Internet Rates Canada: CRTC To Require Transparency On Wholesale Costs

GATINEAU, Que. - The Canadian Radio-television and Telecommunications Commission says large telephone and cable companies will have to make more information public on the rates they charge smaller competitors for space on their networks.

The CRTC says new guidelines will increase transparency and allow Canadians to better understand how wholesale rates are established.

The big telecoms and cable companies such as Bell (TSX:BCE), Rogers (TSX:RCI.B) and Telus (TSX:T) sell smaller Internet providers space on their networks at wholesale rates.

These smaller companies then use that space to provide services to retail customers.

The CRTC says rates for wholesale services are based on the cost of providing the service plus an allowable markup that would include costs such as past network investments.

The federal regulator says once big telecom and cable companies submit their costs and proposed rates to the CRTC, that information will now be made public.

With this additional data, the CRTC says interested parties will be able to make a more informed analysis.

The CRTC says companies will continue to have the right to protect competitively sensitive information and other parties can continue to request disclosure of any such information.

However, the CRTC will rule on any disclosure requests using the new guidelines.

"Smaller companies offer competitive and innovative choices to Canadians by using access they have purchased at wholesale prices from the large companies," Blais said in a news release.

"Today's guidelines will increase transparency and allow Canadians to better understand how we establish wholesale rates."
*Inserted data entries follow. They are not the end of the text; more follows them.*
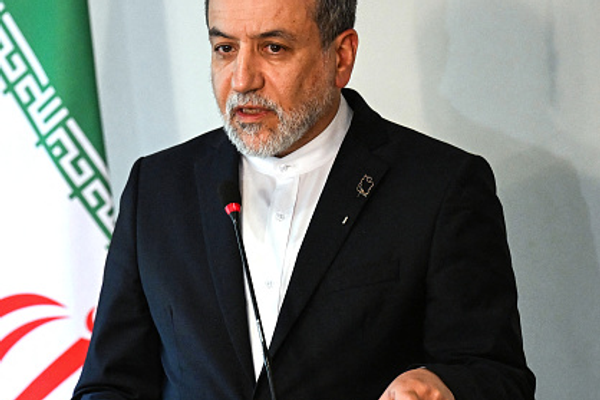 عراقجي: رفع العقوبات مهمة وزارة الخارجية.. ولم نتخلَّ عن راية التفاوض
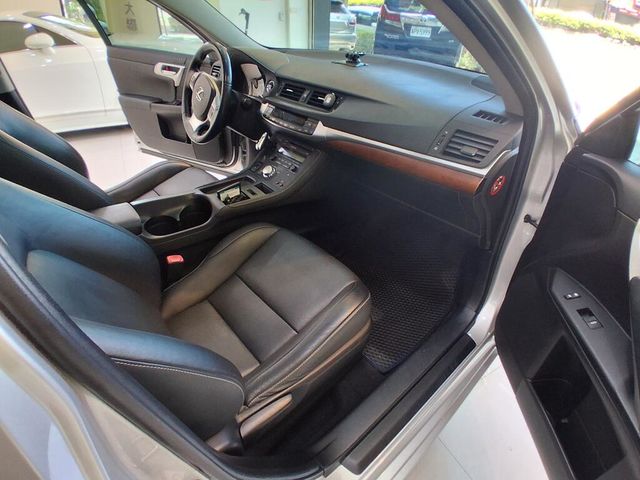 LEXUS凌志 CT200H  第6張相片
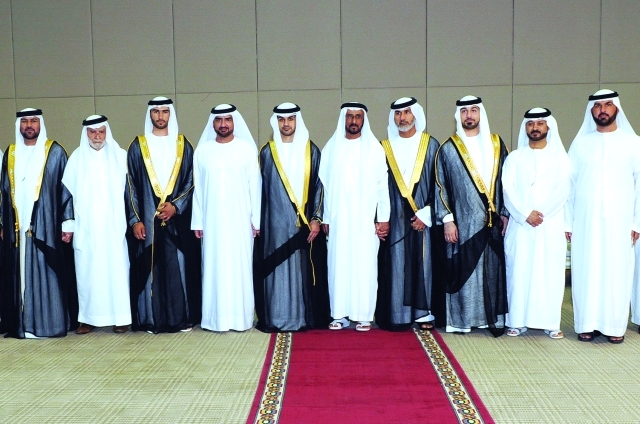 "■ عبدالله بن سالم القاسمي يتوسط العرسان وذويهم خلال الحفل | وام"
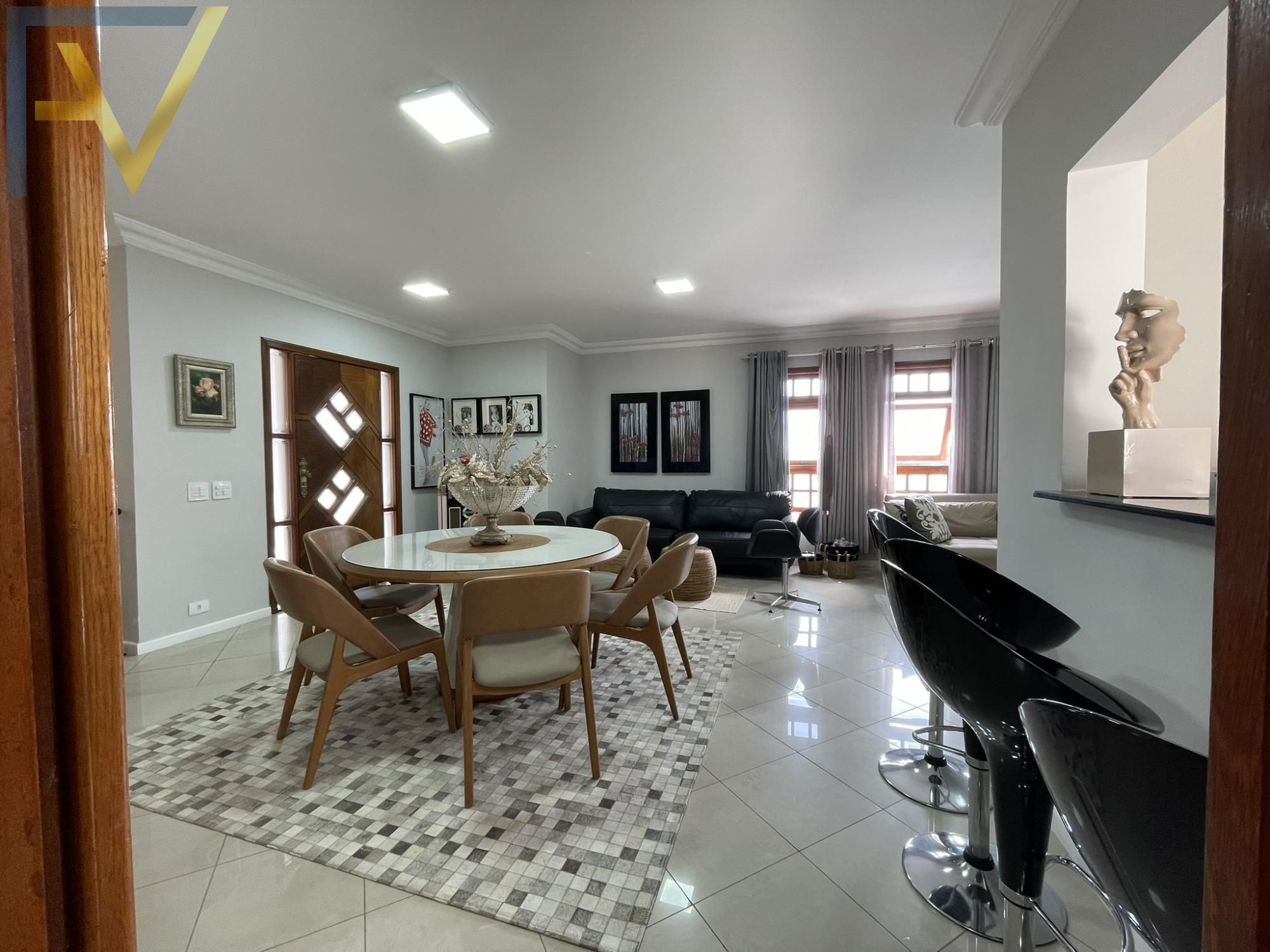 Casa, 4 quartos, 265 m² - Foto 31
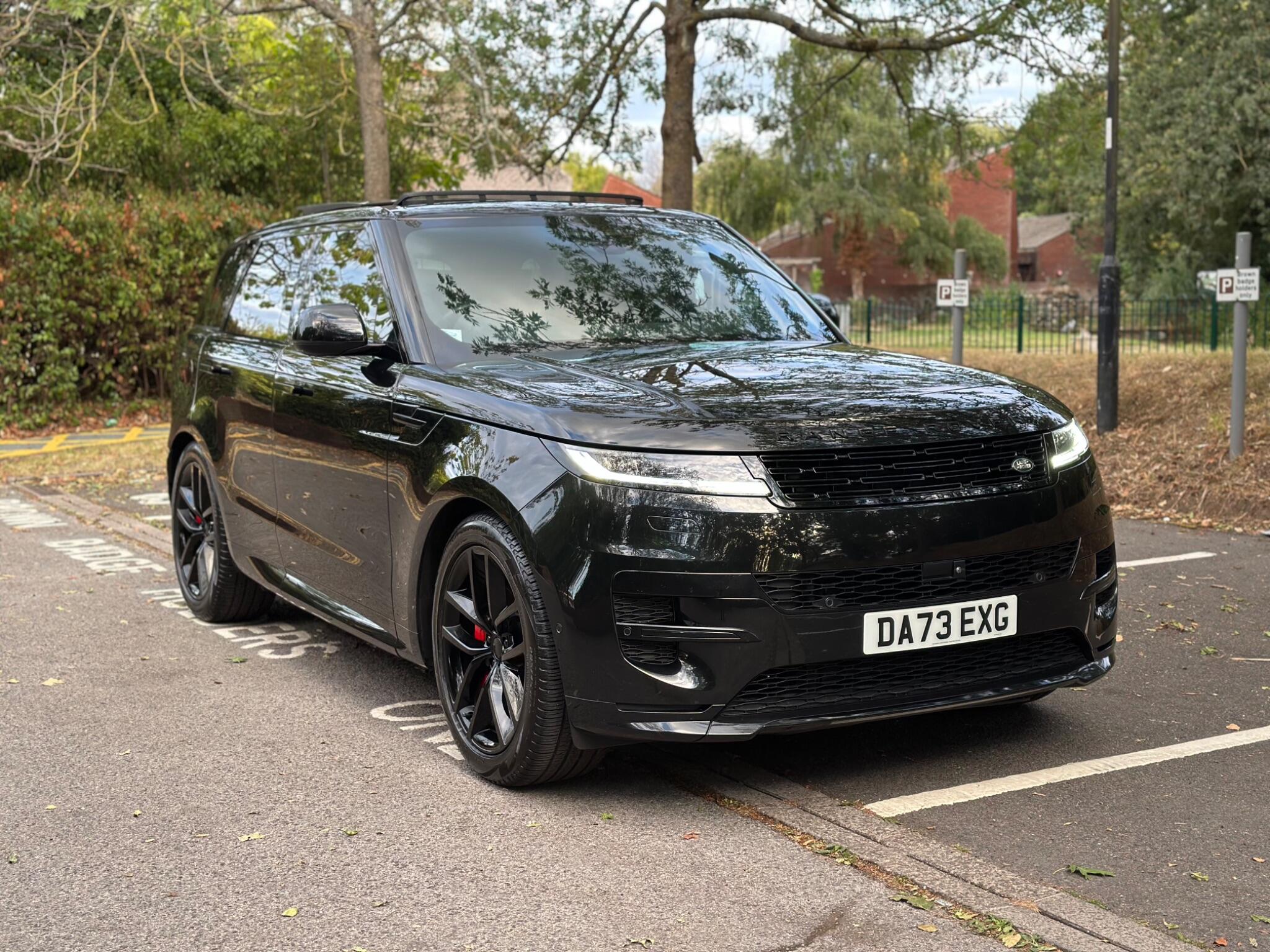 Land Rover Range Rover Sport view 9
Last November, the CRTC rejected a controversial plan that would have allowed the big phone and cable companies to impose a usage-based billing model on Internet service resellers, a system that many consumers had opposed.

Instead, the CRTC ruled that big telecom and cable companies have a choice of either charging the smaller Internet providers a flat rate per user or selling the ISPs a specific amount of capacity on their networks.